Depuis que je suis entré en cuisine, je ne cesse de m'étonner de toutes les bonnes odeurs dans la pièce. Un physicochimiste sait qu'il s'agit de molécules odorantes, qui sont évaporées, entraînées par la vapeur d'eau. Qu'importe le mécanisme, pour l'instant : il faut surtout considérer que tous les composés odorants qui ne sont plus dans la casserole… ne sont plus dans la casserole : ils sont perdus, ce qui peut contenter le cuisinier, mais ne fait pas l'affaire de ses convives!
Pourquoi ne pas récupérer ces composés ? Il y a plusieurs décennies, j'avais proposé que nous mettions au point des casseroles équipées de systèmes de recondensation, ce qui permettrait, surtout pour des cuissons très longues, de récupérer de l'eau et ce que l'on pourrait nommer des « huiles essentielles de cuisine », car le procédé s'apparente à la production d'huiles essentielles, souvent faites par entraînement à la vapeur d'eau.

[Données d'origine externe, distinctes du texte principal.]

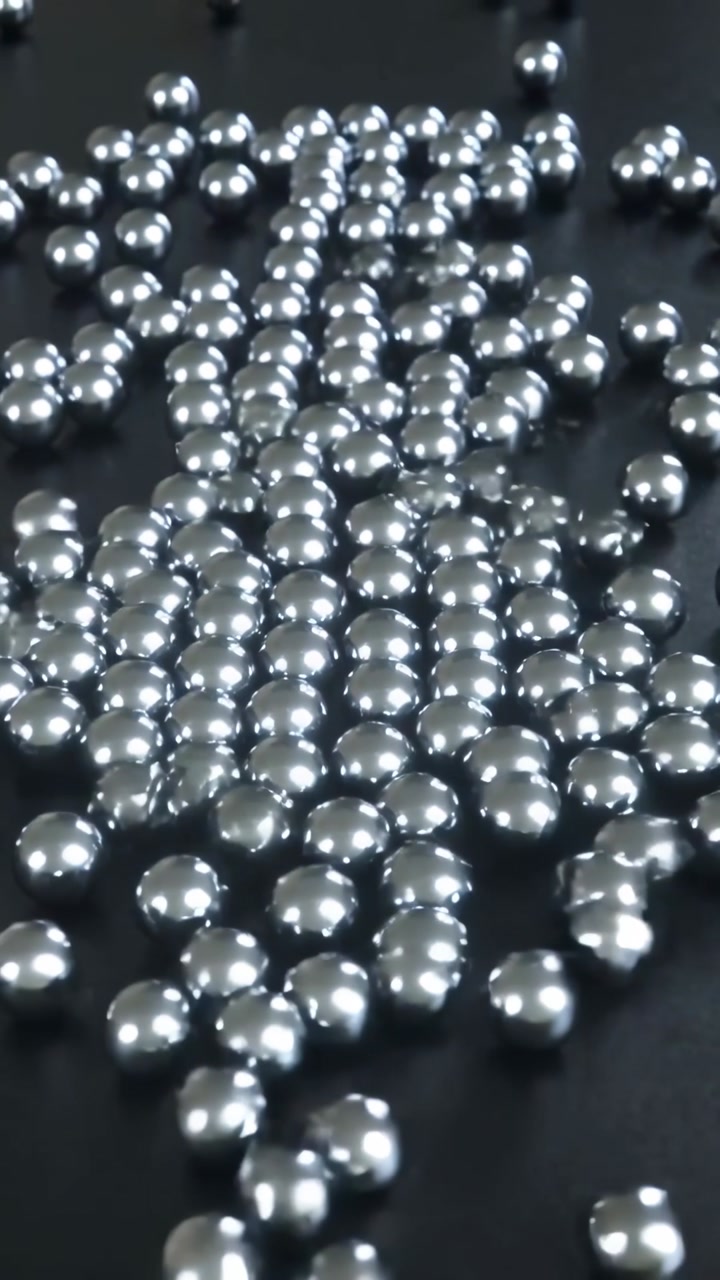 Shiny Metallic Spheres Spreading on a Dark Surface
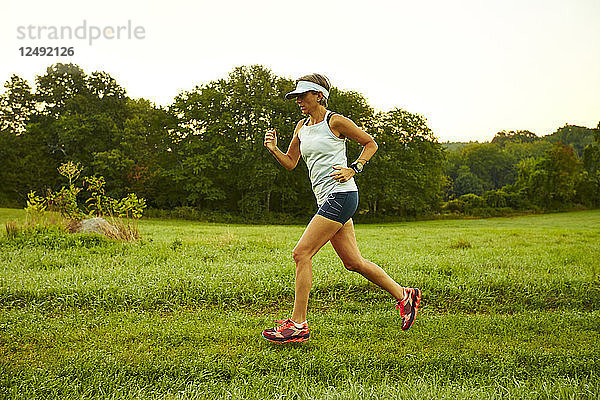 Weibliche Läuferin läuft durch ein Feld an einem nebligen Morgen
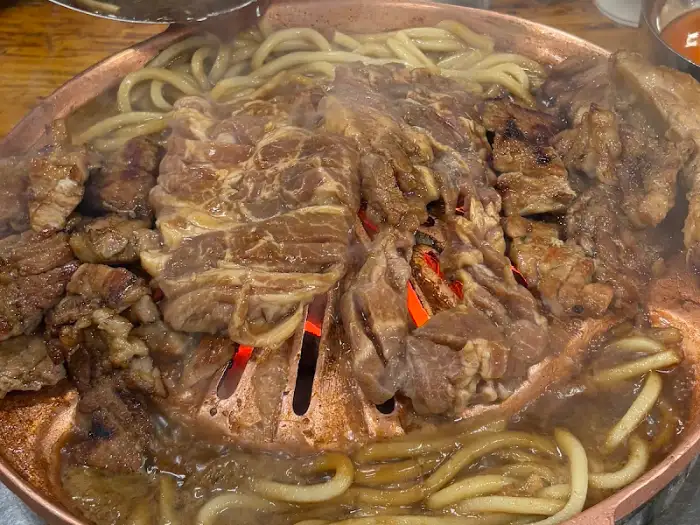 숯불 위에서 익어가는 돼지갈비와 우동사리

Les fabricants de casserole n'ont héla pas produit les systèmes dont je rêvais, et dont seuls des chimistes bénéficient aujourd'hui avec leurs équipements de laboratoire. Et les autres ?
Tout n'est pas perdu quand on sait, d'une part, que la cuisson à base température donne des résultats souvent bien meilleurs que les cuissons turbulentes dans un bouillon mal conduit, et, d'autre part, que les composés odorants sont souvent solubles dans les matières grasses.
Pour simplifier, on peut effectivement classer les composés en deux sortes : ceux qui sont solubles dans l'eau, et ceux qui sont solubles dans ce que l'on nomme l'huile (la matière grasse à l'état fondu, quelle que soit sa nature). Bien sûr, il y en a d'autres, mais, pour ce qui concerne la cuisine, ils sont sans doute minoritaires. Ajoutons que souvent les composés odorants sont hydrophobes, alors que les composés sapides sont hydrophiles.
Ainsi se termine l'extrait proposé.